Data block:
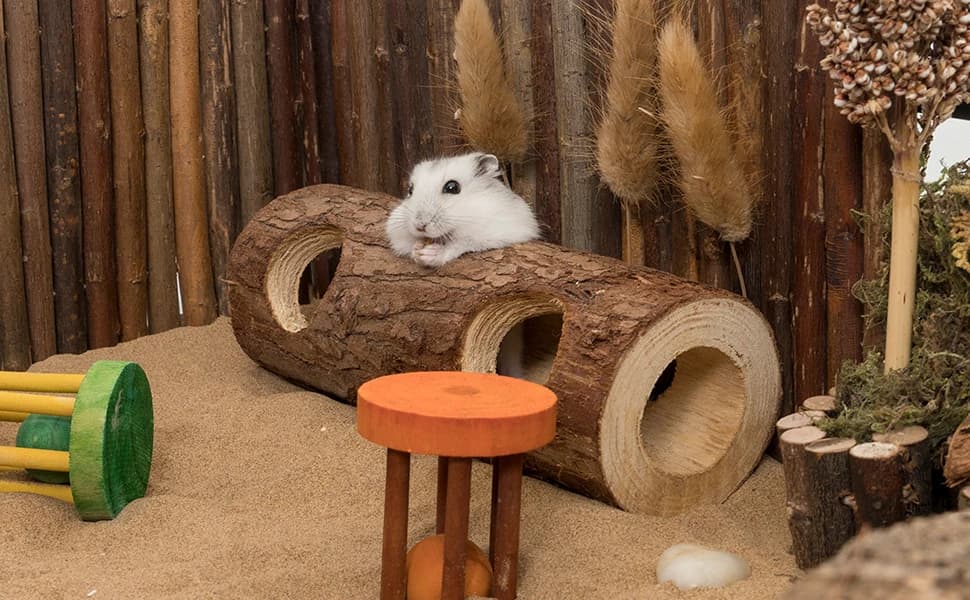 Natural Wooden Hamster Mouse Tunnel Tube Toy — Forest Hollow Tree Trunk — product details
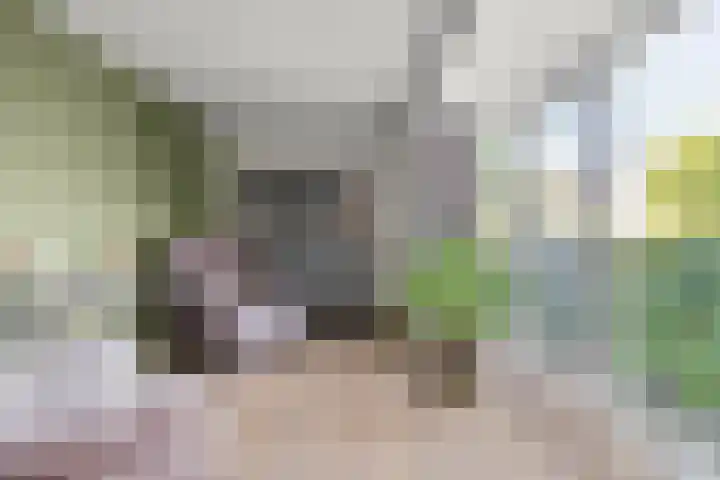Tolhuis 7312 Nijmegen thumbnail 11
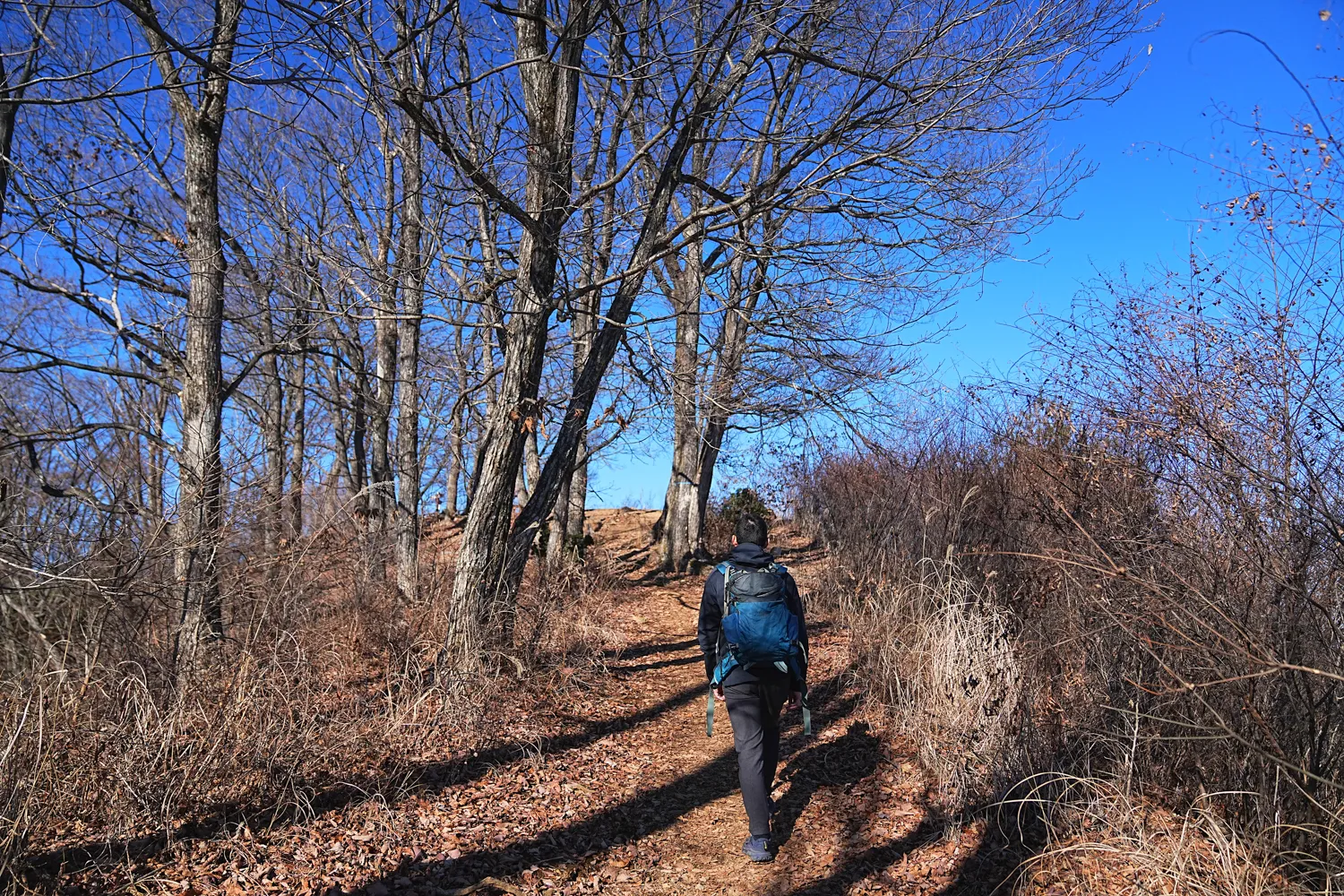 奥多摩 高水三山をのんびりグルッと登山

Exercise directions:
Print the material exactly as given, but not the pictures.

Response area:
 Natural Wooden Hamster Mouse Tunnel Tube Toy — Forest Hollow Tree Trunk — product details
Tolhuis 7312 Nijmegen thumbnail 11
 奥多摩 高水三山をのんびりグルッと登山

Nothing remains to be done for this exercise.